"Foi evidente que a CGD não foi gerida de forma sã e prudente na concessão dos créditos", esta é a primeira conclusão do projeto de relatório da II comissão parlamentar de inquérito à Caixa Geral de Depósitos (CGD), que está a ser apresentado esta segunda-feira, no Parlamento, pela voz do deputado do CDS João Almeida.
O relatório preliminar da comissão de inquérito à CGD considera que o banco público não foi gerido de forma prudente e que o Banco de Portugal pôs em causa a utilidade da supervisão na forma como exerceu os seus poderes.
Sobre a atuação do Banco de Portugal (BdP), é dito que a supervisão do sistema financeiro foi feita "de forma burocrática, não procurando olhar para além dos rácios de solvabilidade e níveis adequados de liquidez, de cada banco, e não percebendo o risco sistémico de algumas operações".
"A supervisão seguiu acriticamente as notas técnicas dos serviços do BdP, não exigindo mais informação do que aquela fornecida, demonstrando mais receio no confronto jurídico com os supervisionados do que com a possibilidade de erros ou fraudes", lê-se no Projeto de Relatório Final à II comissão Parlamentar de Inquérito à Recapitalização e Gestão do banco, conhecido esta segunda-feira e que ainda pode sofrer alterações.
Segundo o deputado relator, o Banco de Portugal "não seguia os problemas detetados, assumindo que as suas orientações eram executadas, o que muitas vezes não acontecia", e teve "uma confiança extrema nas linhas internas de defesa das instituições", caso de direção de risco, auditoria, administração, assim como nas "externas", os revisores e auditores, pelo que mesmo "nem perante reparos, ênfases ou denúncias públicas, atuou com celeridade, colocando assim em causa a utilidade da sua supervisão".
Segundo a sua análise, apesar de o banco central se ter preocupado com o modelo de governação dos bancos, não se preocupava com a sua operacionalidade. Criticou também a forma como fazia o registo dos administradores, em que se avalia nomeadamente a sua idoneidade, considerando que era feito em modo "pró-forma", sem avaliar "o comportamento dos administradores, a concretização da segregação de poderes, nem a falta de discussão dentro dos conselhos".

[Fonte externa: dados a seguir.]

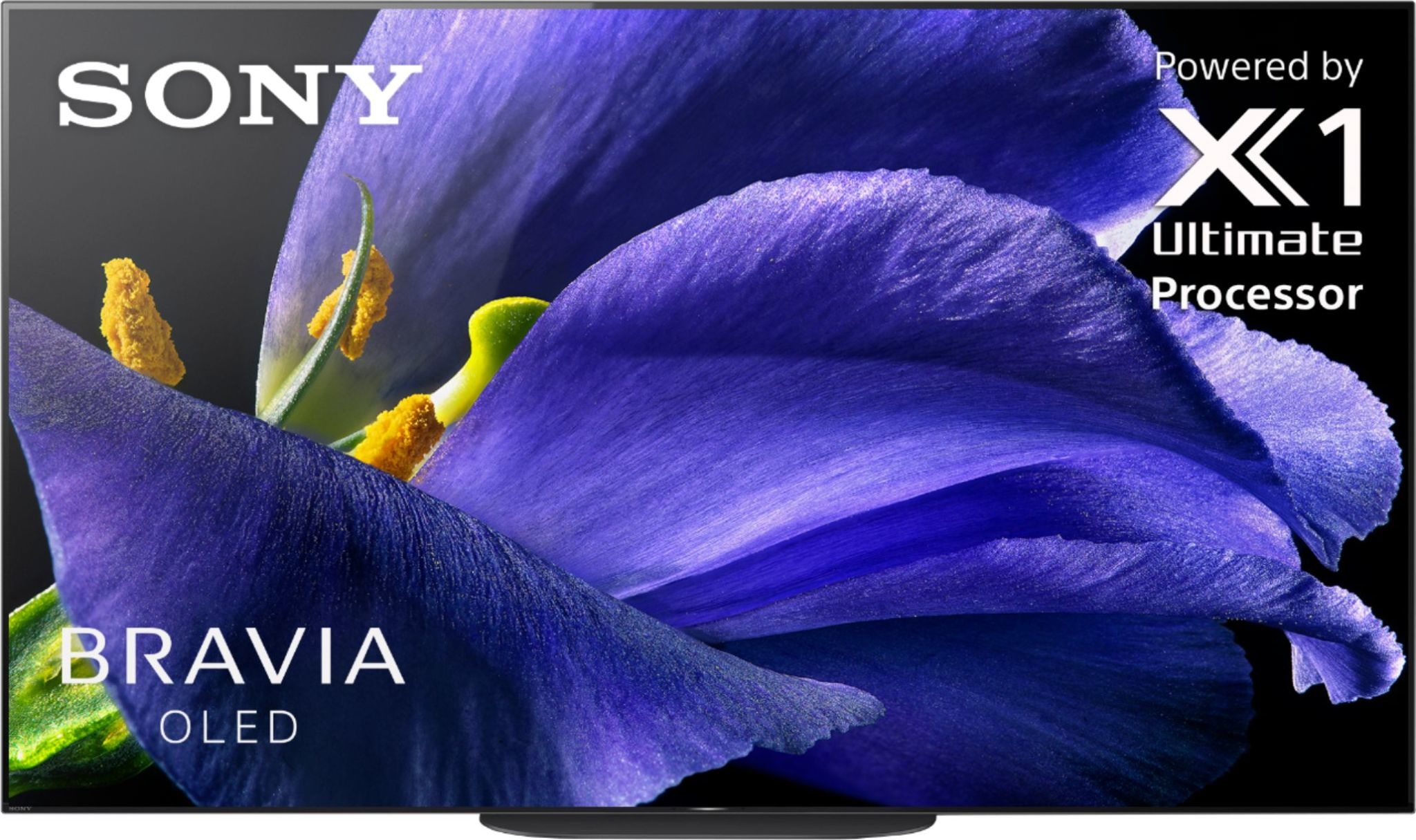 Sony 77" XBR77-A9G OLED Smart TV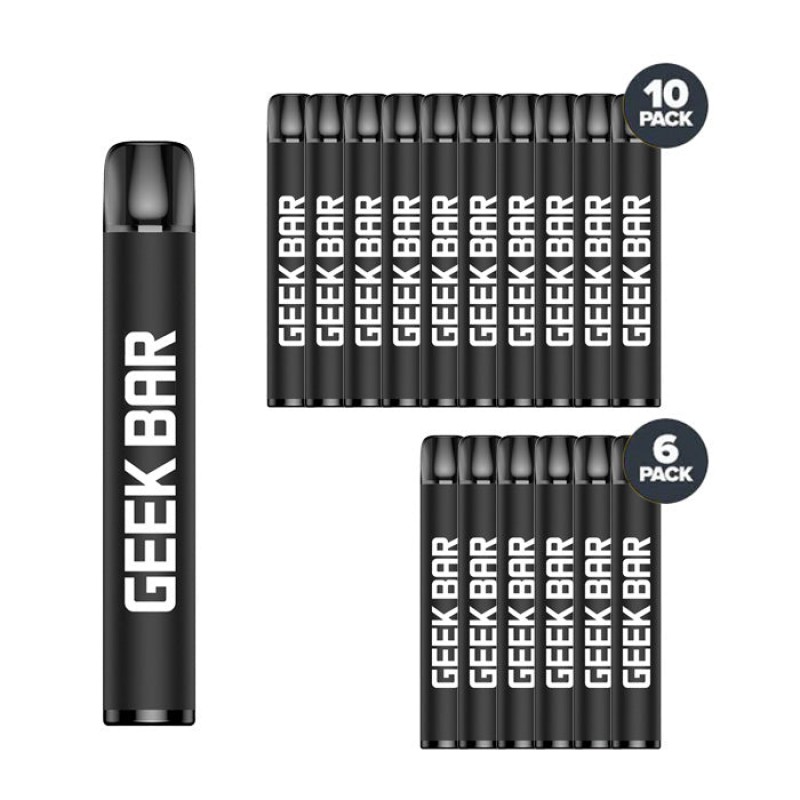 Geekvape E600 Disposable Kit | 600 Puff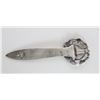 Image 2 : Sterling Letter Opener
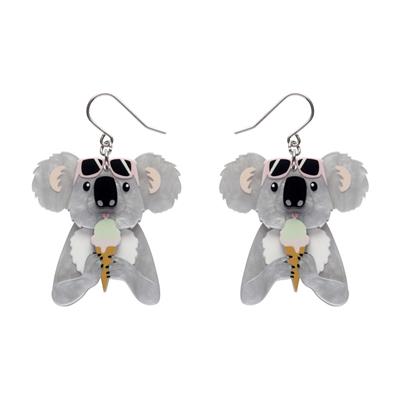 Erstwilder Earrings - Lucia Heffernan | The Sweetest Koala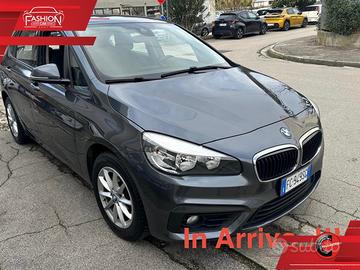 BMW 216d Active Tourer Sport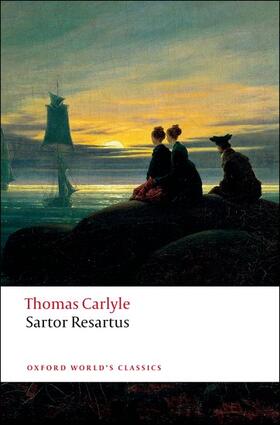 Carlyle / McSweeney / Sabor | Sartor Resartus | Buch | 978-0-19-954037-2 | sack.de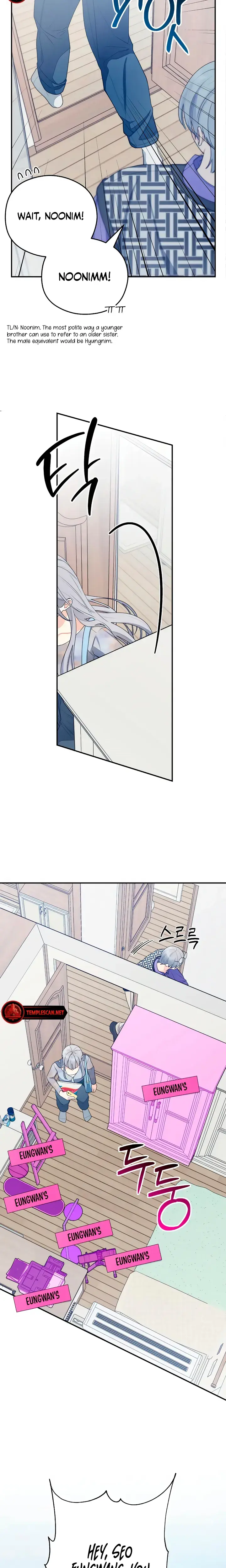 How Far Are You Okay With Chapter 31 - Page 6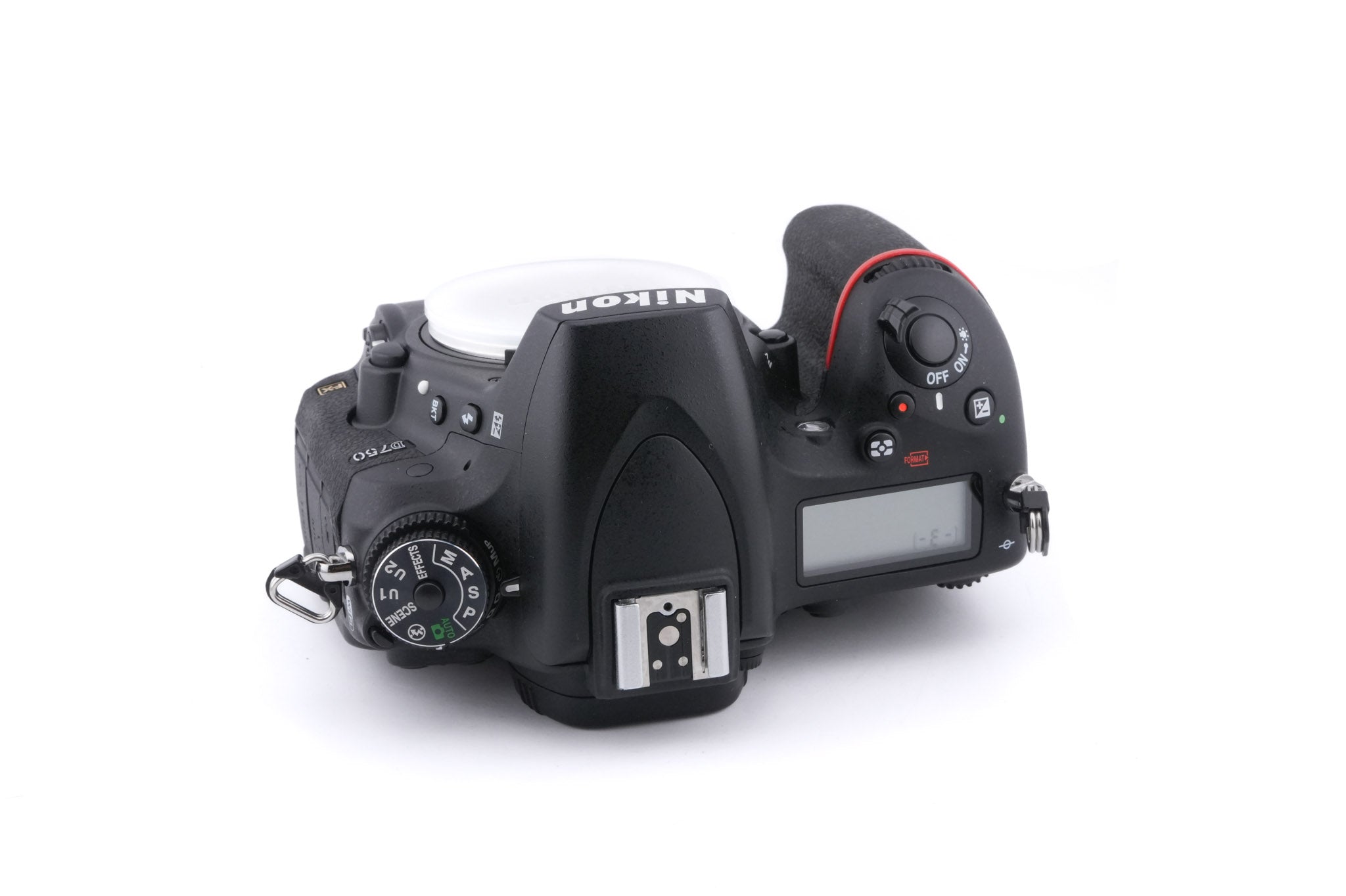 Nikon D750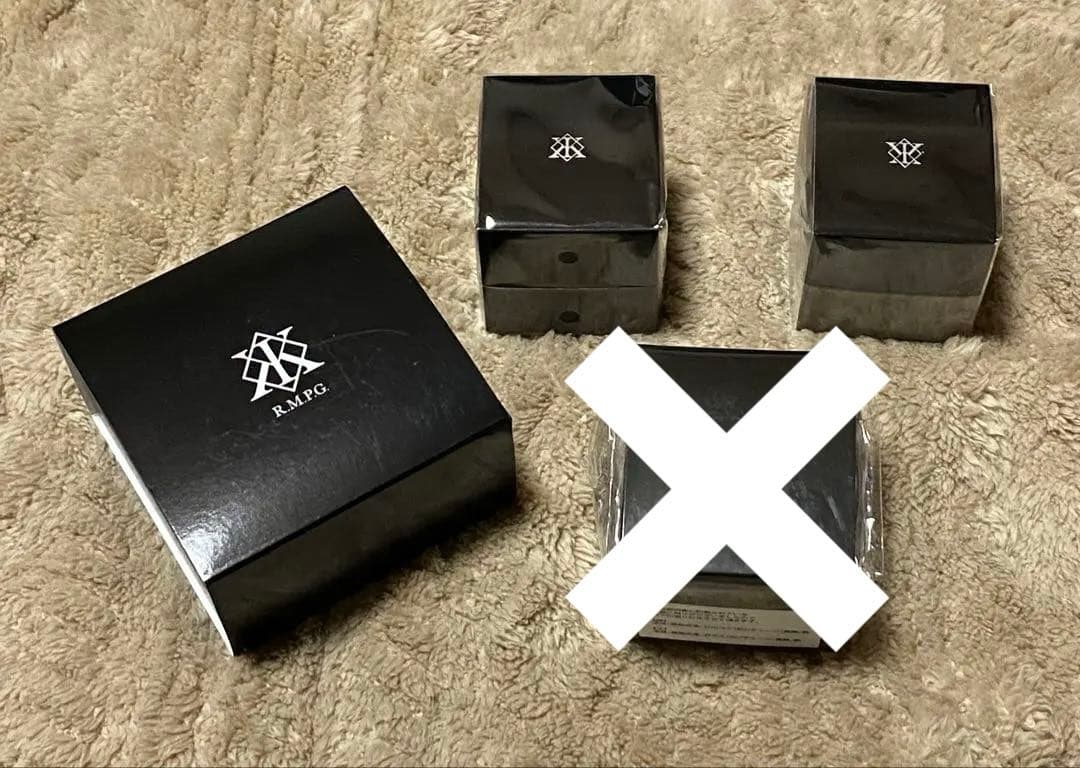 THE RAMPAGE 川村壱馬　アクセサリー　3点セット　新品未使用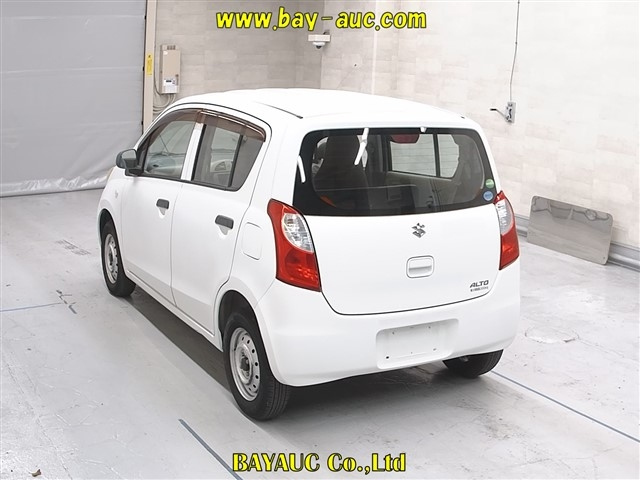 SUZUKI ALTO VAN 2013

Estas são algumas das 27 conclusões que fazem parte do relatório preliminar da Comissão de Inquérito à gestão da CGD entre 2000 e 2015, que hoje será apresentado pelo deputado relator e discutido pelos restantes deputados que compõem esta comissão. Cada grupo parlamentar poderá apresentar alterações.
Governo deve estar mais presente
O relatório preliminar da Comissão de Inquérito à CGD recomenda que o Governo, enquanto representante do Estado, tem de exercer o papel de acionista "de forma presente" e defende que é necessária uma reflexão do BdP sobre a sua atuação.
"Não pode bastar nomear a administração e aferir resultados quantitativos", lê-se no documento da auditoria do deputado do CDS-PP João Almeida.
Sobre o BdP, uma das entidades a que são feitas significativas críticas neste relatório, considera que este deve "realizar uma reflexão transparente sobre a atuação da supervisão portuguesa na crise financeira, assumir os erros e as lições aprendidas, assim como promover uma maior transparência da sua atuação, resultados e consequências".
O deputado relator recomenda ainda que, de futuro, a supervisão do Banco de Portugal também incida "sobre a cultura, o comportamento e as dinâmicas internas que afetam o desempenho das instituições financeira", pois considera "fatores essenciais para a responsabilização ética, a reputação dos bancos e a confiança no sistema financeiro".
É mesmo recomendado que a "reforma da supervisão deve ser uma prioridade" na próxima sessão legislativa.
Há ainda recomendações dirigidas à CGD, defendendo o relatório preliminar que esta tem de fazer o apuramento das "responsabilidades dos processos ruinosos" e de utilizar "todos os meios legais para se ressarcir das perdas".
Por fim, é recomendado que o banco público tome medidas para não repetir os erros do passado e as fortes perdas que daí resultaram.
Esta comissão de inquérito arrancou em março, tendo o empresário Joe Berardo, grande devedor da CGD, e o ex-governador do Banco de Portugal Vítor Constâncio sido os protagonistas.
Relatório segue agora para a Procuradoria-Geral da República
O deputado relator João Almeida salientou que a comissão parlamentar teve "acesso a inquéritos que correm termos neste momento", e que "o aprofundamento de algumas dessas matérias e outras poderão ter relevância criminal" que justificam o envio do relatório à Procuradoria-Geral da República.
Neste sentido, o deputado saudou ainda o novo regime dos inquéritos parlamentares, que "permitiu muito mais acesso" a informação do que em outras comissões.